In the next five minutes, you'll have Port Daddy running, claim your first stable port, and never manually track port numbers again.
The Problem You're About to Forget
Ever done this at 9:47pm?
$ npm run dev
# Error: EADDRINUSE: address already in use :::3000
# What is on 3000?
$ lsof -i :3000
# node 12453 erich 45u IPv6 0x12abc... 0t0 TCP *:hpserver (LISTEN)
# Is that from my last terminal window? A stray Docker container? Who knows.
$ pkill -f node
# Oops, just killed the wrong process.
You're about to throw that workflow in the recycling bin.
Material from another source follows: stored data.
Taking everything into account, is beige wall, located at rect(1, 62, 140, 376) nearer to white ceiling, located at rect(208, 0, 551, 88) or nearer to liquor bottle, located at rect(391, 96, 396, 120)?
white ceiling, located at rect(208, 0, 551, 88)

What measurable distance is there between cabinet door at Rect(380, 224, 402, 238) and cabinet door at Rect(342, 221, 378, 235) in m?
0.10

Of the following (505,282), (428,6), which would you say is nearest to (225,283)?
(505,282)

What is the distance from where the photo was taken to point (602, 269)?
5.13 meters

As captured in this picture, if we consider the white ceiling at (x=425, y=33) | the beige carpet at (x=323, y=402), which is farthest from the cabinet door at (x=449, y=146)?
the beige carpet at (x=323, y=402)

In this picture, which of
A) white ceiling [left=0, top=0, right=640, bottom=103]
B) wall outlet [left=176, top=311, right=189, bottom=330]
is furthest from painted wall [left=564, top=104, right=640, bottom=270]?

Installation (Choose Your Path)
Option 1: npm (Recommended)
$ npm install -g port-daddy
This installs the pd CLI globally and the JavaScript SDK locally when you npm install port-daddy in your projects.
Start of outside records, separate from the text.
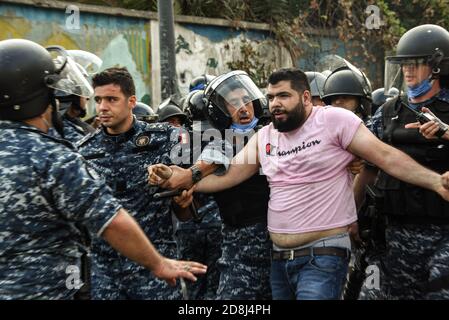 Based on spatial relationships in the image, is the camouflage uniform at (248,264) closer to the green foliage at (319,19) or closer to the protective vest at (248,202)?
the protective vest at (248,202)

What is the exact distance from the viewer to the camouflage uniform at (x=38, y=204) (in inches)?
125

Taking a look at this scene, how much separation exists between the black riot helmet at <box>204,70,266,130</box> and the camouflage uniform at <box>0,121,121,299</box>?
6.70ft

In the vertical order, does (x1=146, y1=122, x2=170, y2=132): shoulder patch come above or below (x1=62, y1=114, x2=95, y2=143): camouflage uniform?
above

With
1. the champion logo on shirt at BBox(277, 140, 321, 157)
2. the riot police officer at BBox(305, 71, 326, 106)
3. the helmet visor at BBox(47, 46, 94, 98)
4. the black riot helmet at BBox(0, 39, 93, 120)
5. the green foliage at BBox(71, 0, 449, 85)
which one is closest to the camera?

Option 2: Homebrew (macOS)
$ brew install curiositech/port-daddy/port-daddy
Option 3: Use Without Installing (npx)
You can use Port Daddy without installing:
$ PORT=$(npx port-daddy claim myapp -q)
$ npm run dev -- --port $PORT
The --quiet/-q flag returns just the port number, perfect for shell scripts and CI/CD pipelines.
Starting the Daemon
Port Daddy runs as a background daemon on localhost:9876. It auto-starts on first use, but let's start it explicitly so you can see what's happening:
$ pd start
Daemon listening on http://localhost:9876
Database: /Users/erich/.port-daddy/port-registry.db
Check that everything's working:
$ pd status
Daemon running (pid 45821)
Services: 0
Locks: 0
Claiming Your First Port
Here's the magic moment. Instead of hardcoding port 3000, you claim it:
$ pd claim myapp
Port 3100 assigned to myapp
Every time you claim myapp from this machine, you'll get port 3100. Not 3001, not 3847 -- always 3100. The port is deterministic based on your identity.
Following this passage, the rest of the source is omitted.